We have reached out to Google for further comment, and we will update the story if we hear back.

Users who have set up Google Cloud projects are advised to check their APIs and services, and verify if artificial intelligence (AI)-related APIs are enabled. If they are enabled and publicly accessible (either in client-side JavaScript or checked into a public repository), make sure the keys are rotated.

“Start with your oldest keys first,” Truffle Security said. “Those are the most likely to have been deployed publicly under the old guidance that API keys are safe to share, and then retroactively gained Gemini privileges when someone on your team enabled the API.”
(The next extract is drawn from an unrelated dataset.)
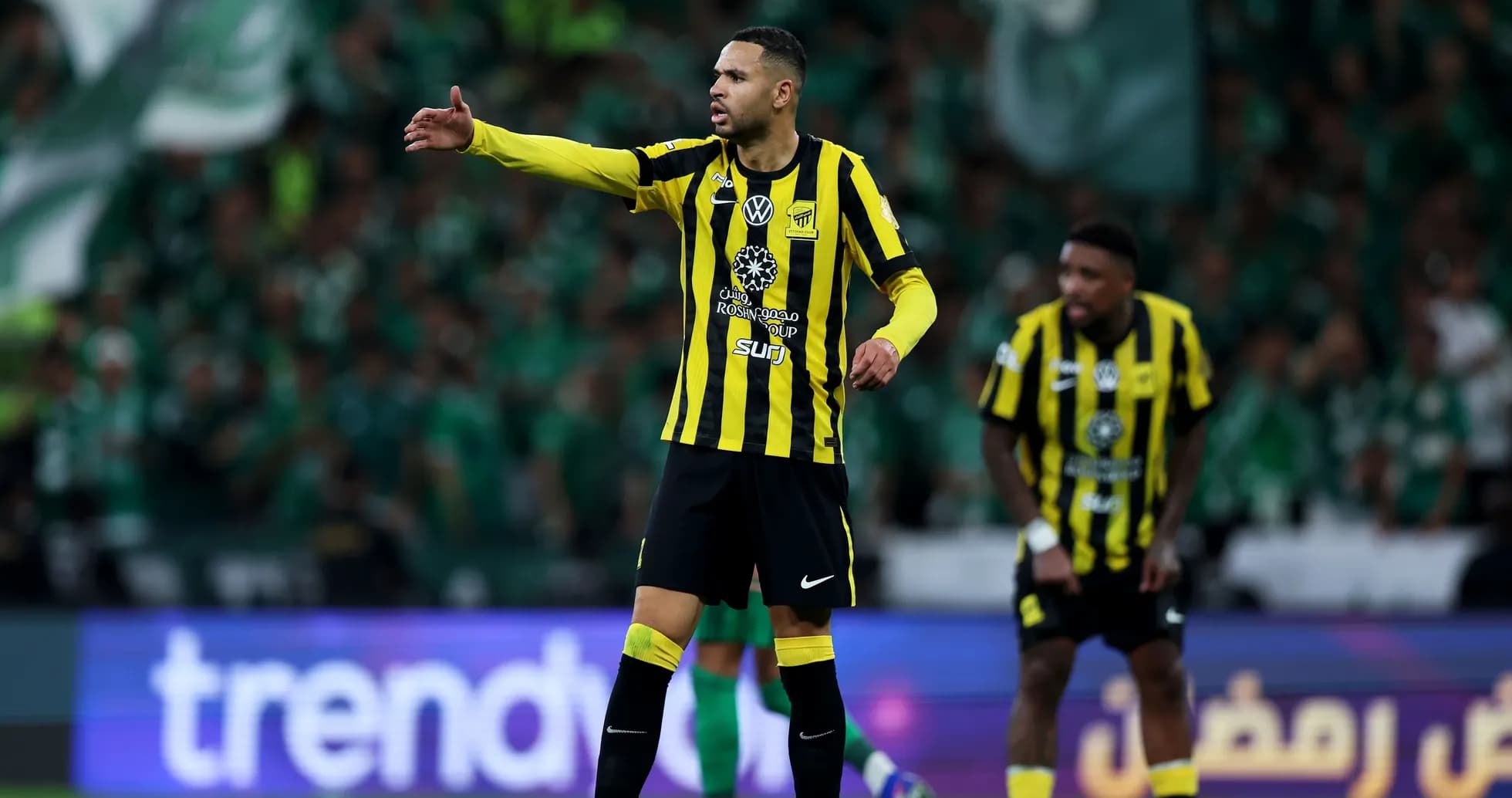 Player directing teammates during a football match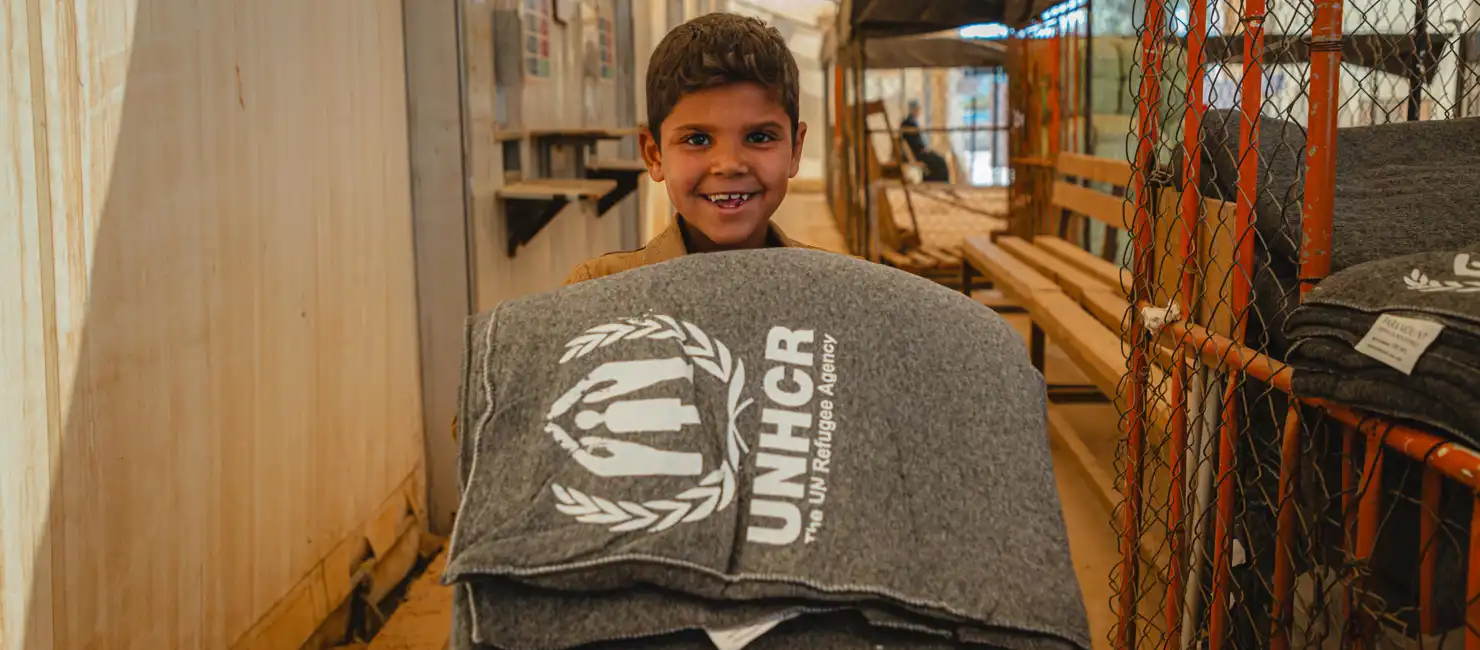 Jordan_Refugee boy collects winter blankets in Za'atari camp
“This is a great example of how risk is dynamic, and how APIs can be over-permissioned after the fact,” Tim Erlin, security strategist at Wallarm, said in a statement. “Security testing, vulnerability scanning, and other assessments must be continuous.”

“APIs are tricky in particular because changes in their operations or the data they can access aren’t necessarily vulnerabilities, but they can directly increase risk. The adoption of AI running on these APIs, and using them, only accelerates the problem. Finding vulnerabilities isn’t really enough for APIs. Organizations have to profile behavior and data access, identifying anomalies and actively blocking malicious activity.”